(Image-text web data)
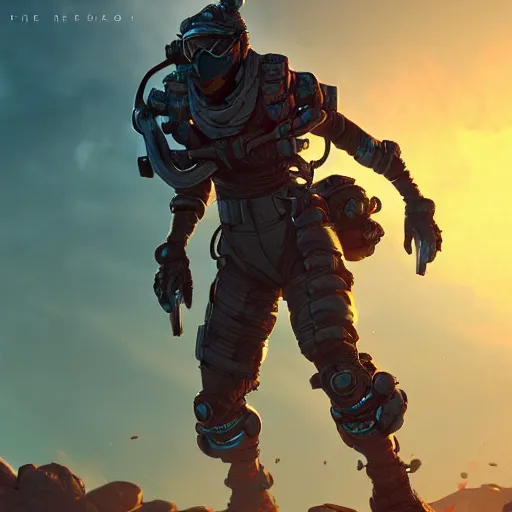 Image similar to wraith from apex legends standing in a battlefield, golden hour, sharp, trending on artstation, digital art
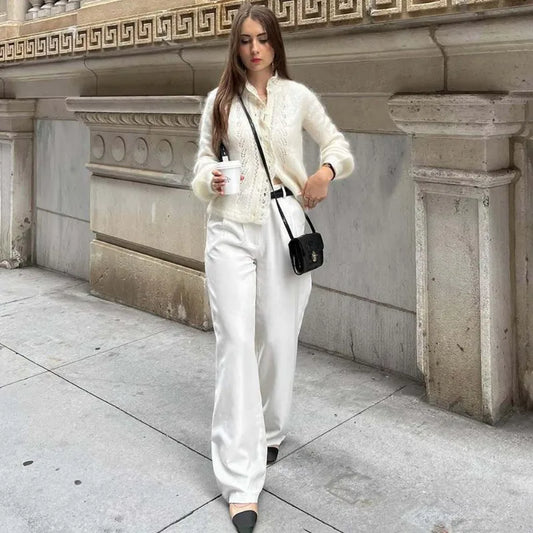 Women's White Cardigan Fashion Hollow Lace Patchwork Loose Sweaters Elegant New Office Basic Autumn Female Cardigan
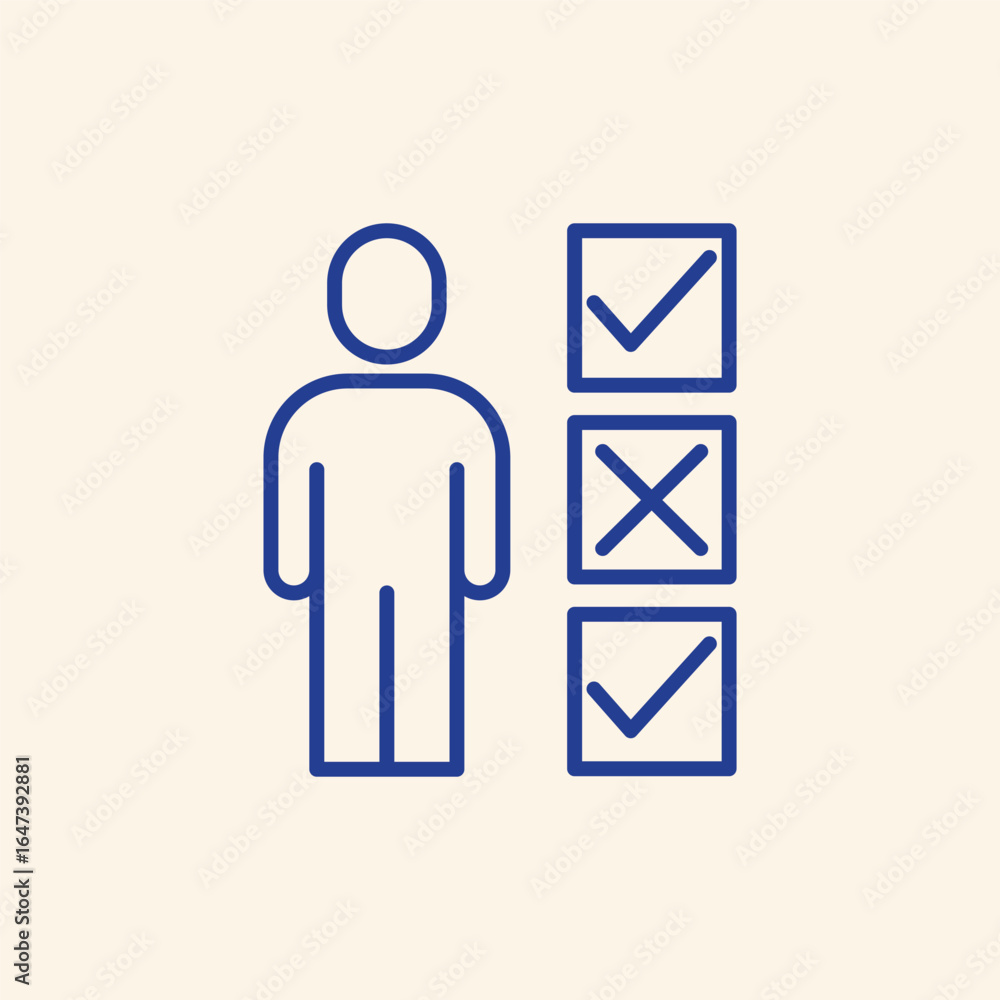 Poster person with checklist showing progress and decisions made in business context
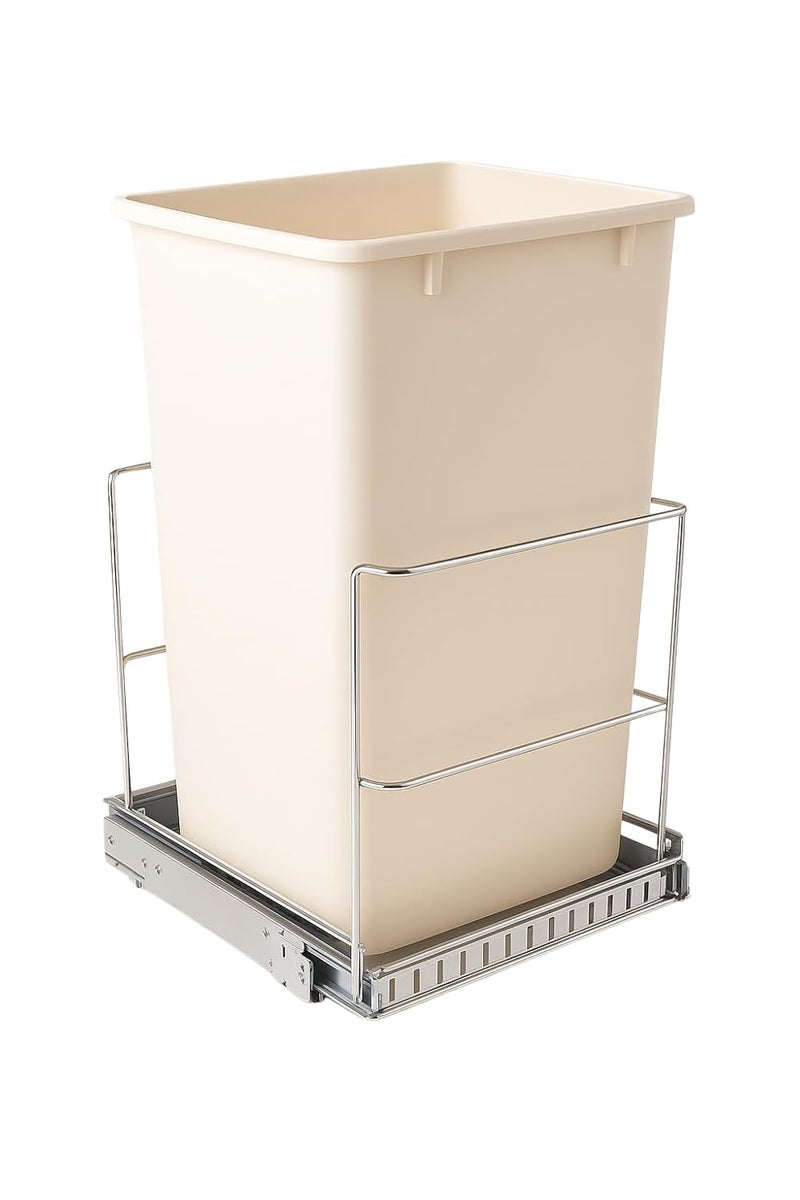 HOLDN’ STORAGE Pull-Out Trash Can for Cabinet - 9 Gal / 36 qt - Heavy-Duty Chrome, Smooth Slide with Trash Bag Storage - Requires at Least 11" Cabinet Opening (Trash Bin Not Included) - Image 1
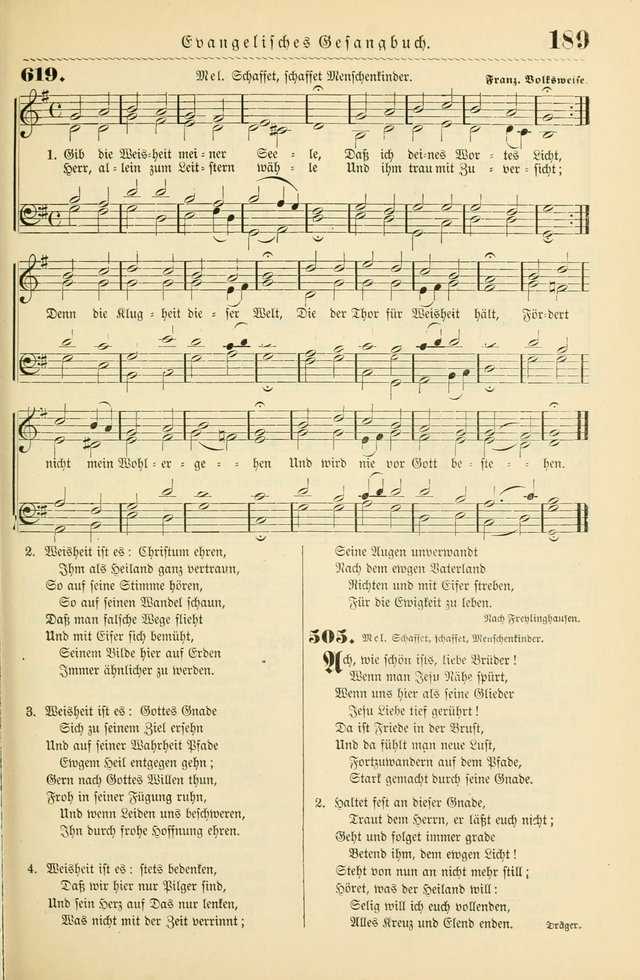 Evangelisches Gesangbuch mit vierstimmigen Melodien: für den öffentlichen und häuslichen Gottesdienst page 189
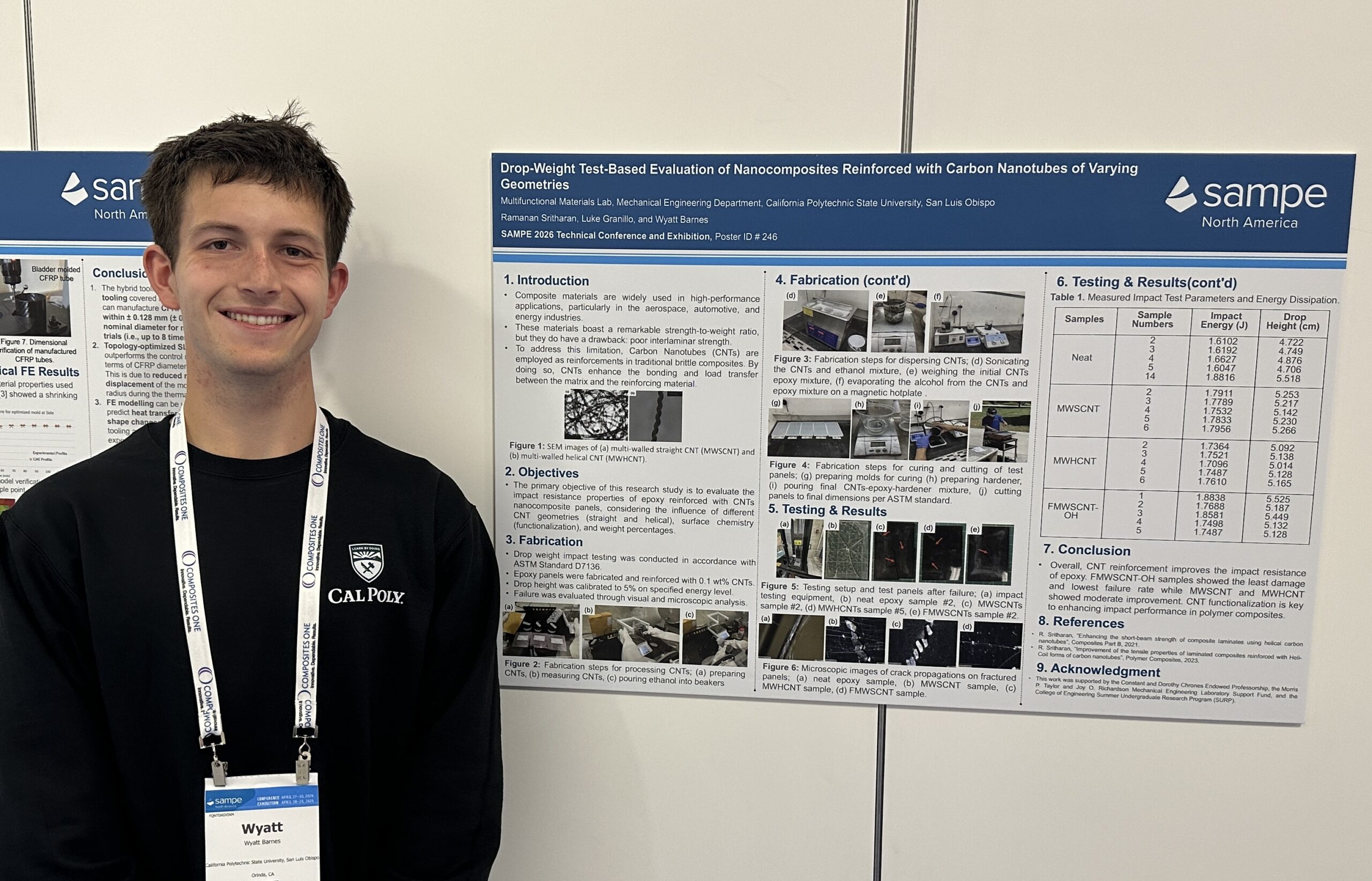A student standing in front of his research poster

### Your objective
Take the records from their first line through the line containing "Poster person with" and please return exactly those lines, both ends included, minus the pictures.

### Exercise solution
 Image similar to wraith from apex legends standing in a battlefield, golden hour, sharp, trending on artstation, digital art
 Women's White Cardigan Fashion Hollow Lace Patchwork Loose Sweaters Elegant New Office Basic Autumn Female Cardigan
 Poster person with checklist showing progress and decisions made in business context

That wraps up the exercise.